The Two-Percent Lie: When Hardcoded Assumptions Masquerade as Benchmarks

The Discovery

I was reading through src/evaluation.py, the module that generates our comprehensive trading system evaluation report. Near the bottom, the summary section prints the portfolio’s total return. Then this line caught my eye:

print(f"vs Buy & Hold: {'+' if total_return > 0 else ''}{total_return - 2:.2f}% (est.)")

A hardcoded 2%. The estimated buy-and-hold return of the S&P 500 is assumed to be exactly 2%, regardless of the evaluation period. Three days? 2%. Thirty days? 2%. A bear market where SPY drops 8%? Still 2%.

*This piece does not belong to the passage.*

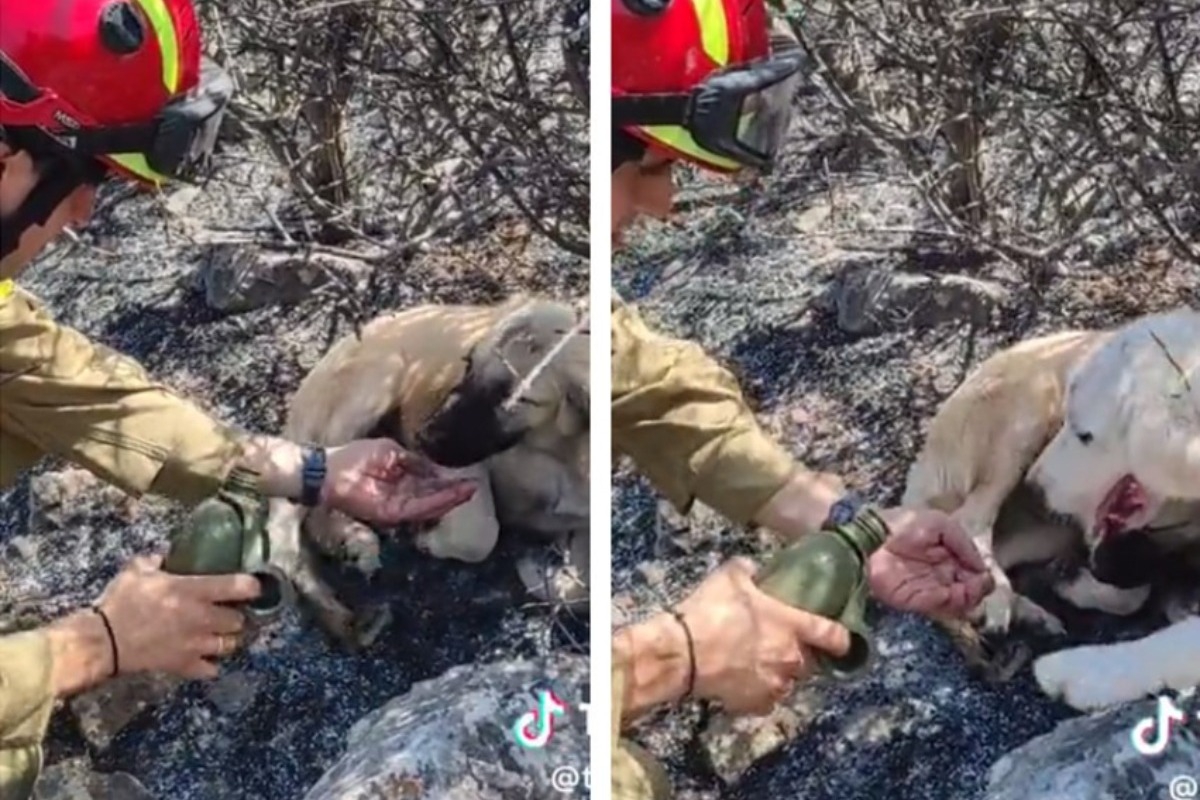 Συγκινητικά πλάνα με πυροσβέστη που φροντίζει τα σκυλάκια που διέσωσε από τη φωτιά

This is not estimation. This is fiction dressed up as arithmetic.

Why It Matters

Benchmarking is the foundation of performance attribution. If you claim to beat buy-and-hold by +3%, but buy-and-hold actually returned +7% over the same period, you didn’t outperform — you underperformed by 400 basis points. The hardcoded 2% creates a systematic bias:

In bull markets, it overstates alpha (making the strategy look better than it is)
In bear markets, it understates alpha (making the strategy look worse than it is)
The error is not random — it’s a constant offset, which means every single evaluation report was contaminated

From a probabilistic standpoint, this is like estimating the mean of a distribution by always guessing zero: unbiased in expectation over infinite samples, but useless for any single realization.

The Fix

The replacement is straightforward but requires live data:

def _get_benchmark_return(start_date: str, end_date: str, benchmark: str = "SPY") -> Optional[float]:
    try:
        data = fetch_historical_data([benchmark], start=start_date, end=end_date)
        if benchmark in data and not data[benchmark].empty:
            closes = data[benchmark]["Close"].values.flatten()
            if len(closes) >= 2:
                start_price = float(closes[0])
                end_price = float(closes[-1])
                return (end_price / start_price) - 1
    except Exception:
        pass
    return None

The summary section now computes the actual alpha:

bench_return = _get_benchmark_return(min(dates), max(dates))
if bench_return is not None:
    alpha = total_return - bench_return * 100
    print(f"vs Buy & Hold (SPY): {'+' if alpha >= 0 else ''}{alpha:.2f}%")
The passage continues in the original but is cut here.